WHAT THIS TASK INVOLVES: What is needed is a verbatim copy of the data, minus the pictures.

━━━━━ DATA SUPPLIED

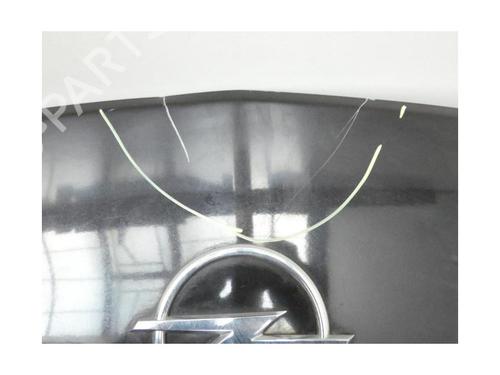 Tailgate OPEL TIGRA TwinTop (X04) 1.8 (R97) | BP25618943C6 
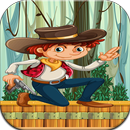 Run Boy Cowboy APK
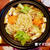 カレーうどん鍋♪　Curry Udon Hot Pot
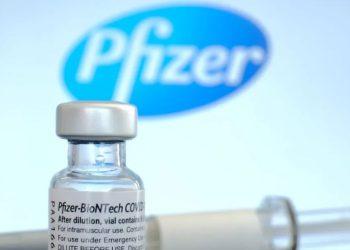 Eμβόλιο Pfizer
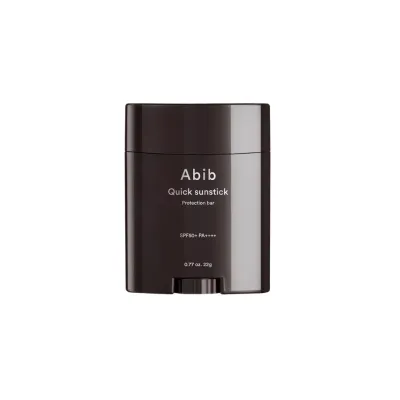 ABIB QUICK SUN STICK PROTECTION BAR SPF50+ PA++++ 22G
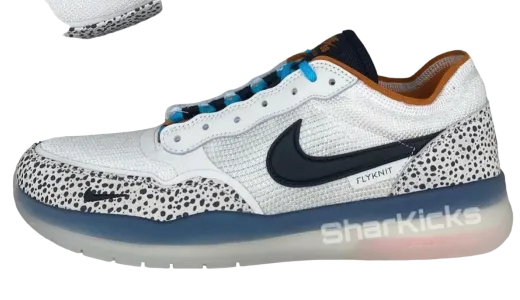 Lanzamientos de sneakers Nike 2024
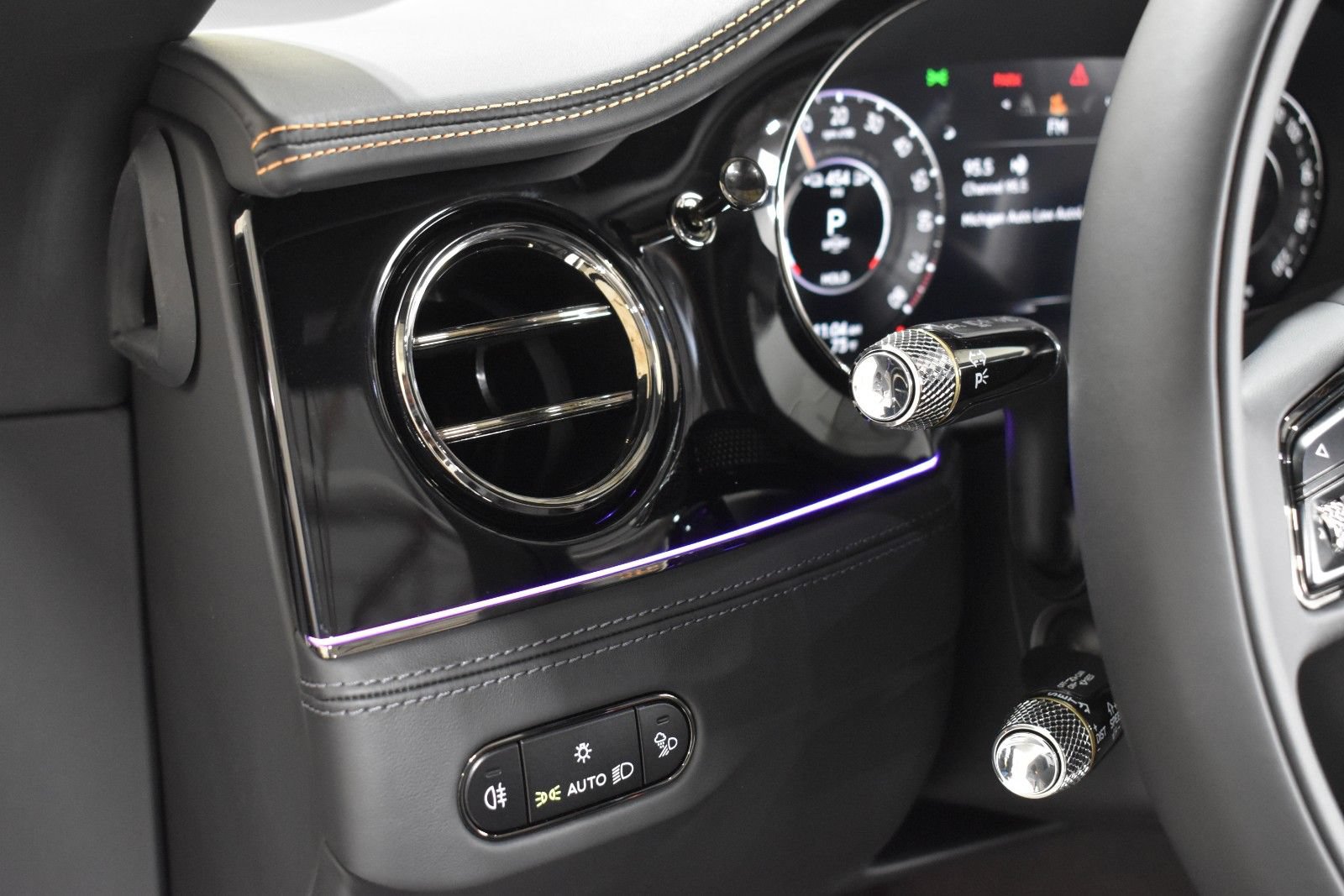 New 2026 Bentley Continental GT S AWD/4WD image 27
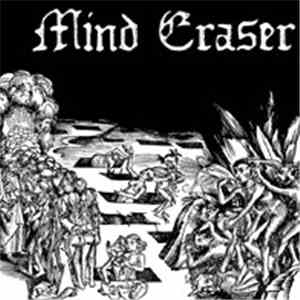 Mind Eraser  - Cave mp3 album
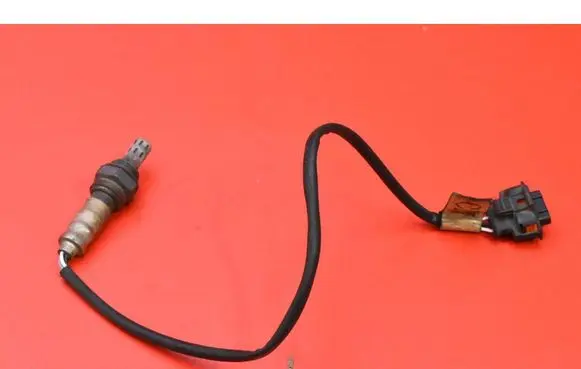 Opel Zafira C Lambda probe sensor 55353811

━━━━━━━━━━

SOLUTION FOR THIS TASK:
 Tailgate OPEL TIGRA TwinTop (X04) 1.8 (R97) | BP25618943C6 
 Run Boy Cowboy APK
 カレーうどん鍋♪　Curry Udon Hot Pot
 Eμβόλιο Pfizer
 ABIB QUICK SUN STICK PROTECTION BAR SPF50+ PA++++ 22G
 Lanzamientos de sneakers Nike 2024
 New 2026 Bentley Continental GT S AWD/4WD image 27
 Mind Eraser  - Cave mp3 album
 Opel Zafira C Lambda probe sensor 55353811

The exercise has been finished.